Fans got their first look at Marvel’s Inhumans at Comic-Con. While reactions were mixed, Marvel reminds viewers that it is still a work in progress and won’t be finished until it runs in IMAX theaters before airing on ABC. On a Television Critics Association panel, the show’s cast and creators provided some more information about the show.

Black Bolt (Anson Mount), the king of the Inhumans, does not speak because his voice would destroy everyone. Head of Marvel TV Jeph Loeb was clear that this is not a temporary condition.

“When we first sat down and started talking about the role, we said, very point blank, ‘You have no dialogue, and you will never have dialogue,” Loeb said. “It’s not as though there’s a point where there’s going to be a secret operation. You’re going to have to find a way to communicate with your hands and your eyes and another way.”

Mount had spoken about creating a sign language to represent Black Bolt’s speech, which is not American Sign Language because Black Bolt has never been to Earth. You can read more about that in our Inhumans panel recap from San Diego Comic-Con last month.

The powers of Karnak (Ken Leung) may have been unclear to some viewers of out of context scenes, too. He has the power to see flaws, and on the show, he plays out every option for the viewer until he finds the course of action that works.

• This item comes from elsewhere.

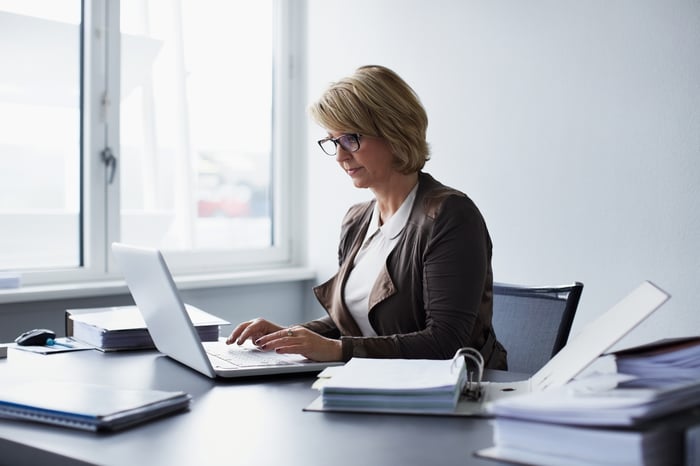 A person at a laptop.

“It’s an opportunity for him to be able to see how he would deal with a particular situation and then take it on from there,” Loeb said. “I think one of the challenges of what it is that you’ve seen so far is something that’s unfinished, and while I can understand that it may not have been something that you readily understood, it is something that once you’ve seen the whole finished product, you actually do, and so it’s a very good question.”

In a television first, Inhumans will play for two weeks in IMAX theaters, utilizing footage filmed with IMAX cameras. However, the IMAX edit is nine minutes shorter so you’ll still have to watch on ABC to see everything.

“On September 1st, there will be a 75-minute version of the first two episodes,” Loeb said. “Then when the show premieres on ABC on September 29th, it will be the first two episodes in their full length, which is 84 minutes. So there will be footage that you can see on ABC that you won’t see in IMAX, and there will be things in IMAX that you’ll see that are shot on the IMAX cameras that are simply extraordinary and should be seen on that screen.”

Loeb also asserts that, while there are Inhumans like Daisy on Agents of S.H.I.E.L.D., Inhumans is a separate story, at least in that they won’t cross paths with Daisy or her group of Inhumans.

“We don’t want anyone to think that this is a show that doesn’t exist on its own,” Loeb said. “It has its own story with characters that you’ve never seen before in dealing with the royal family.  And the inhumans that are part of the Agents of S.H.I.E.L.D. story are their own story.”

Marvel’s Inhumans is in theaters September 1 and on ABC on September 29.